Citizenship for foreign minors: a right that cannot be postponed

Rome (NEV / Waldensian Diaconate), October 12, 2019 – The Commission for Waldensian Diaconate  (CSD) published a statement on the anniversary of the Lampedusa shipwreck of October 3, 2013, which saw 368 victims and 20 missing at sea, following the sinking of a boat full of migrants, just a few meters from the port of the Sicilian island.
The CSD takes a position on the issue of Ius Culturae, the right of citizenship for minors who grow up and are formed in Italy, following the political debate on this issue  rekindled in these days.
“In Italy there are about five hundred thousand children and teen-agers born in our country who are not Italian citizens and there are hundreds of thousands more who arrived in Italy when they were very young.

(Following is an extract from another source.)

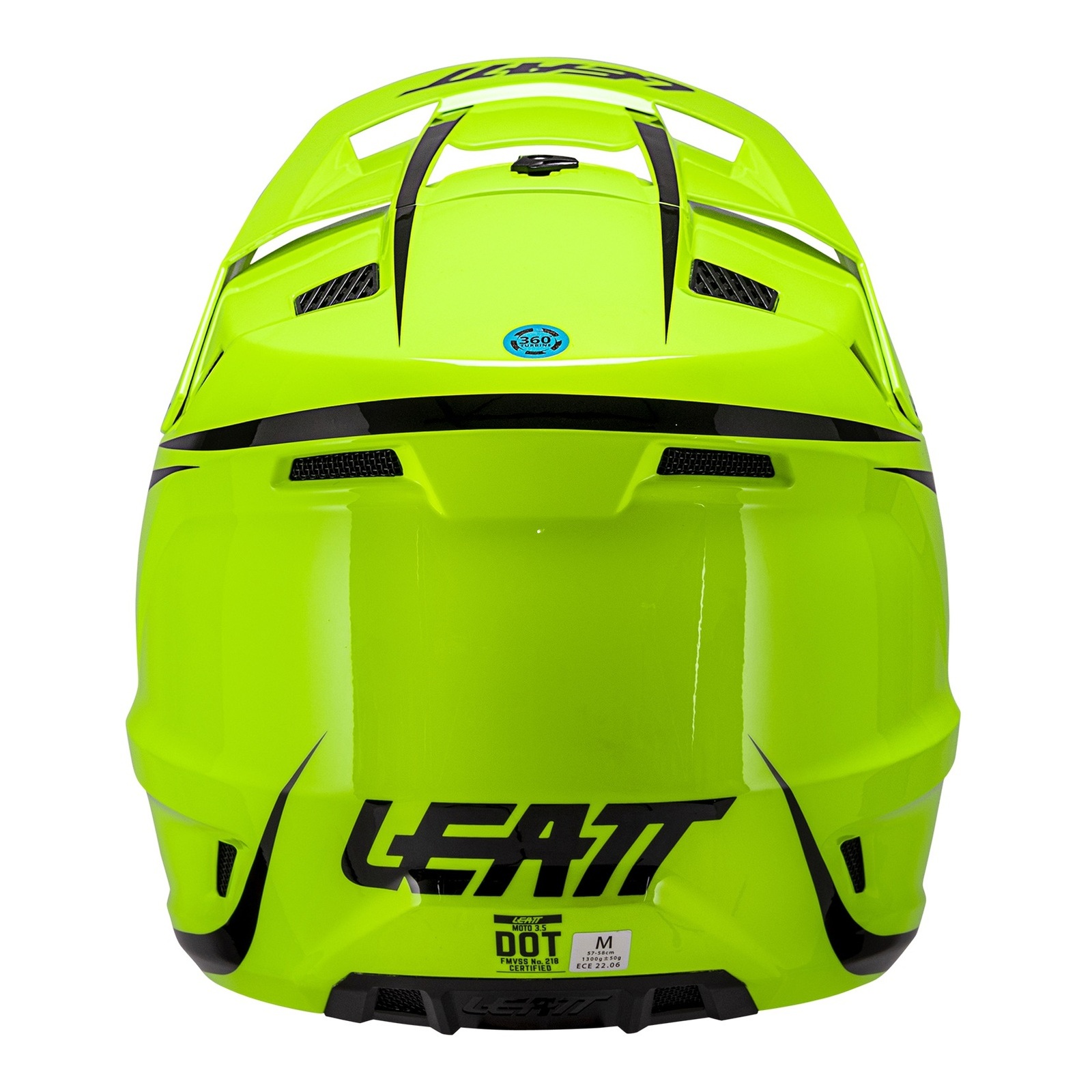 Leatt 3.5 Helmet Kit - Neon Yellow (2XL/63-64cm) - Image 8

They attend school and prepare to live their life here, but, due to their administrative condition, they cannot travel abroad like their companions, they cannot practice competitive sports and their stay is linked to the renewal of their parents’ residence permit . They are boys and girls who will work side by side with our children, who will teach, who will buy a house and build their lives in our country, to whom we will rely in our old age, who will take responsibilities in our communities. Isn’t it fair to give them citizenship? Is it not wiser to guarantee stability? Is this not a truly effective way to guarantee security in our cities of tomorrow? If ‘even the sparrow has found a home, and the swallow a nest for herself where she may have her young…. (Psalm 84.3)’, why should these boys and girls live in permanent anxiety of being in a country that does not want them? The Waldensian Diaconate, which for years has been engaged in various reception projects, considers a law to remedy this situation, indispensable and urgent. It costs nothing and helps us and them”.

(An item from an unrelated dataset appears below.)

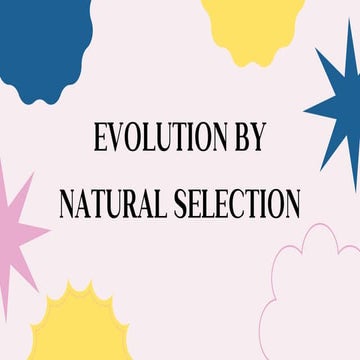 EVOLUTION BY NATURAL SELECTION by darwin.pdf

On occasion of the National Radio program “To be church together” of Sunday October 6, also Paolo Naso, coordinator of the Migrants and Refugees program  – Mediterranean Hope (MH) of the Federation of Protestant Churches in Italy (FCEI), underlined the three main reasons for which the Italian Protestant Churches have been affirming for years the urgency of such a law.

The first is that they are convinced that a society which does not give civil representation to those who study, work, do business in our midst, is a limited democracy and dangerously marked by a lineage privilege that, in the face of modern mobility, appears obsolete and even dangerous. What is the point in securing the vote of an Italian native who may have been absent from his or her country for decades and deny it, instead, to the young son of migrants who dreams of being a policeman or a magistrate?
The second reason is that Italian Protestant churches are convinced that, together with their Italian peers, young migrants grown up in Italy, constitute a precious human and social heritage, a capital of ideas, energies and hopes of which our society, in obvious demographic decline, has a great and urgent need.
Finally, they affirm the value of citizenship because they believe in the value of a cohesive society, united around a civil pact and the fundamental principles of our constitutional order. Through decades, thousands of African, Asian and Latin American migrants have become part of the Italian evangelical churches, contributing to their growth and their revitalization. And today Italian evangelism is multilingual, multi-ethnic and inter-cultural. Going along this road has not been easy, but today this experiment can be considered consolidated and makes us see the potential of a society that welcomes, integrates and includes. Also thanks to a passport.